(Pictures with short captions)
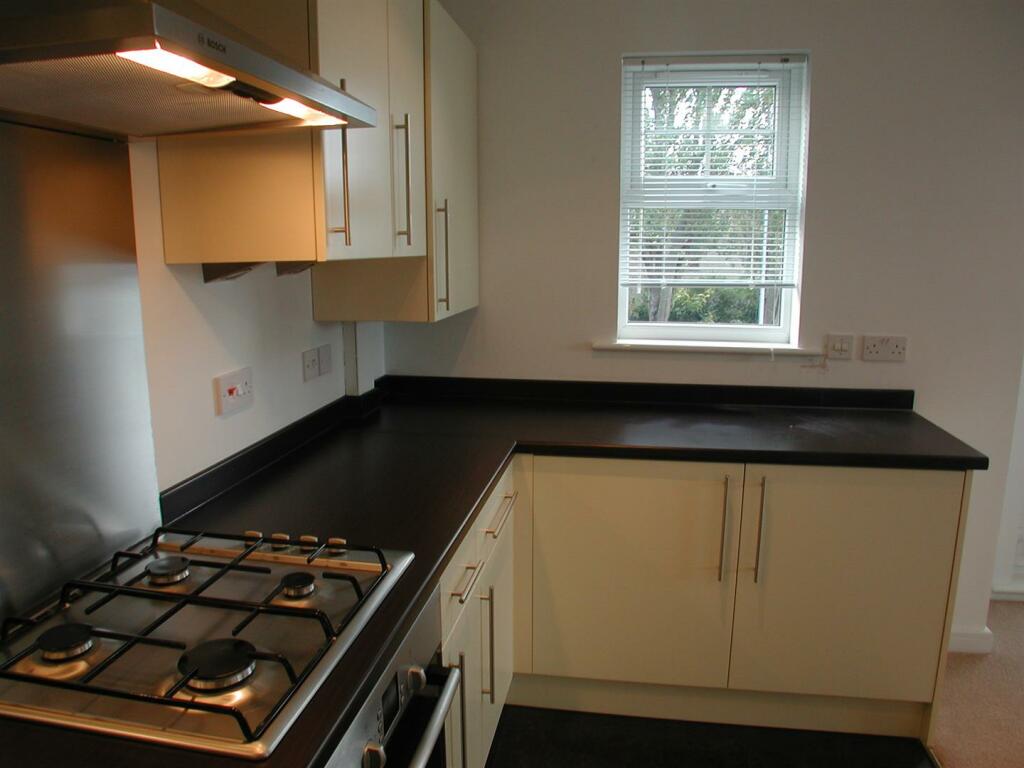 OPEN PLAN LOUNGE/KITCHEN AREA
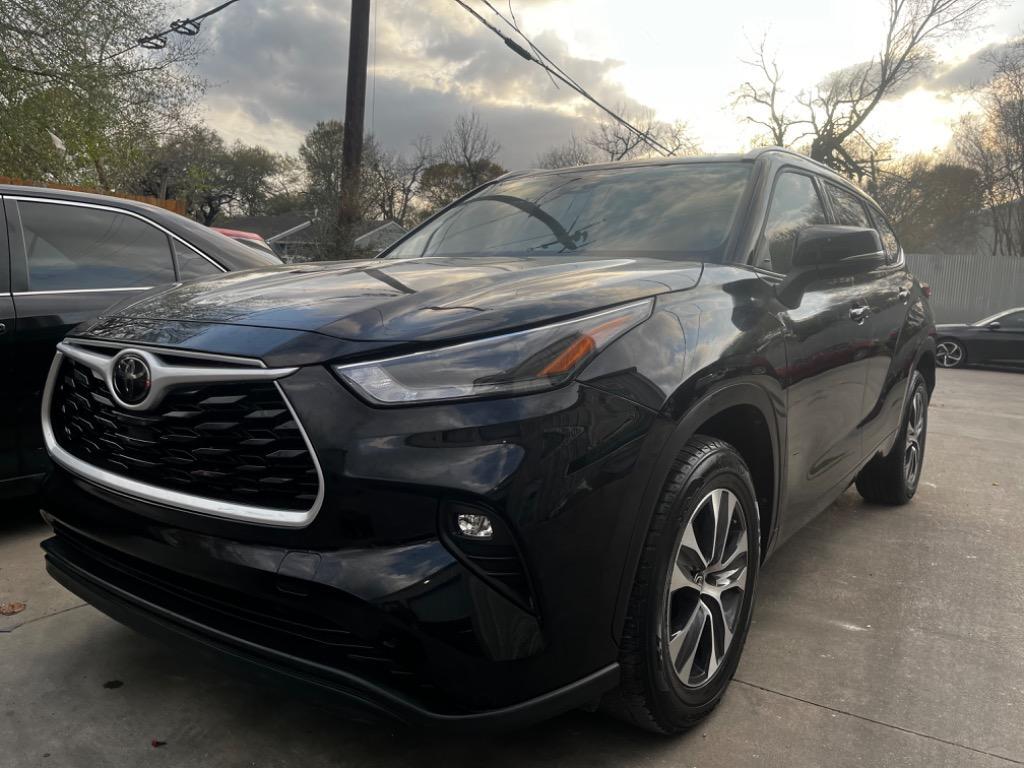 Thumbnail image of 2021 Toyota Highlander at Tuma Auto Services II, LLC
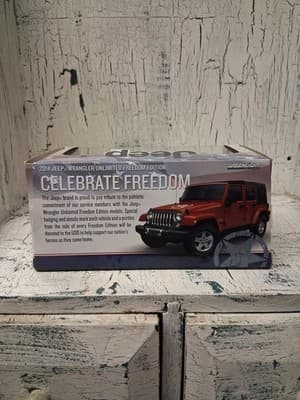 2014 Greenlight Wrangler Unlimited Freedom Edition - Thumbnail 3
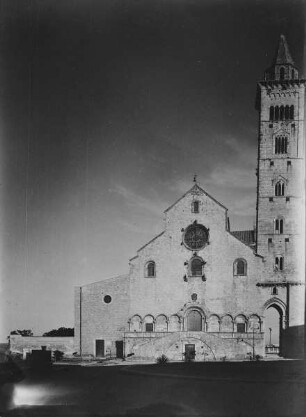 San Nicola Pellegrino — Westfassade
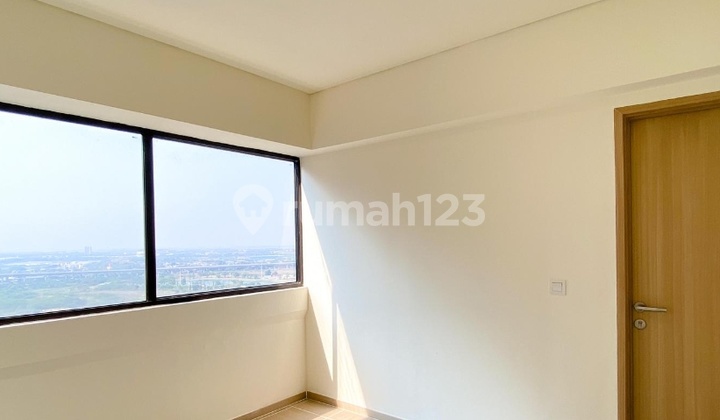 Dijual Apartemen Baru Dan Bagus ,  Murah Lt.38 Tower Ada Helipad  2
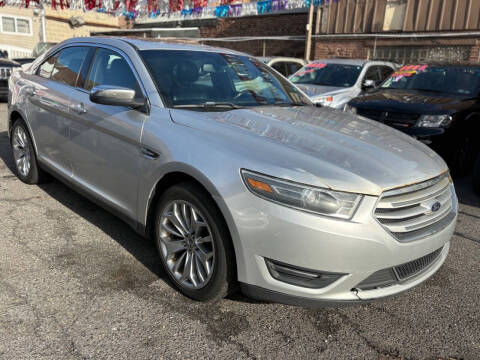 2013 Ford Taurus Limited
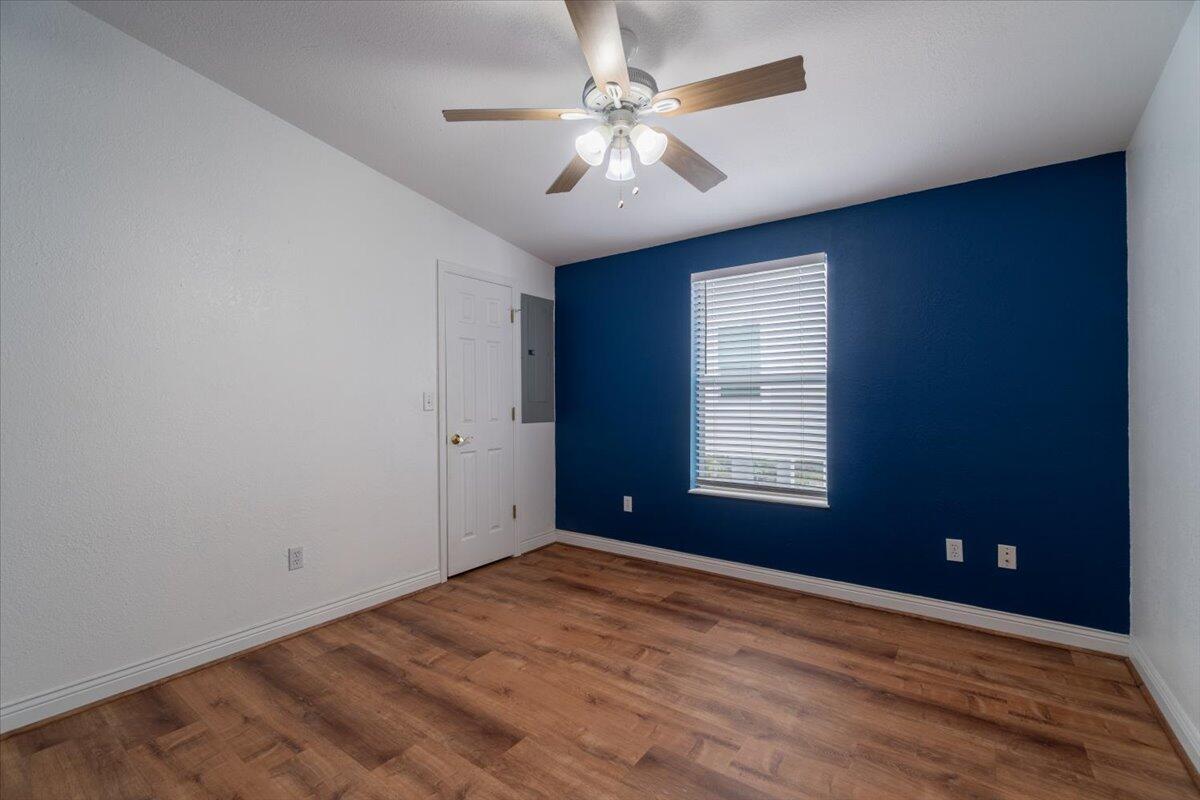 31243 E Avenue Property Photo 12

## TASK DESCRIPTION
When you reach the line that contains "2014 Greenlight Wrangler", start reproducing, and continue word for word to the end of the records; skip all pictures.

## WRITTEN ANSWER
 2014 Greenlight Wrangler Unlimited Freedom Edition - Thumbnail 3
 San Nicola Pellegrino — Westfassade
 Dijual Apartemen Baru Dan Bagus ,  Murah Lt.38 Tower Ada Helipad  2
 2013 Ford Taurus Limited
 31243 E Avenue Property Photo 12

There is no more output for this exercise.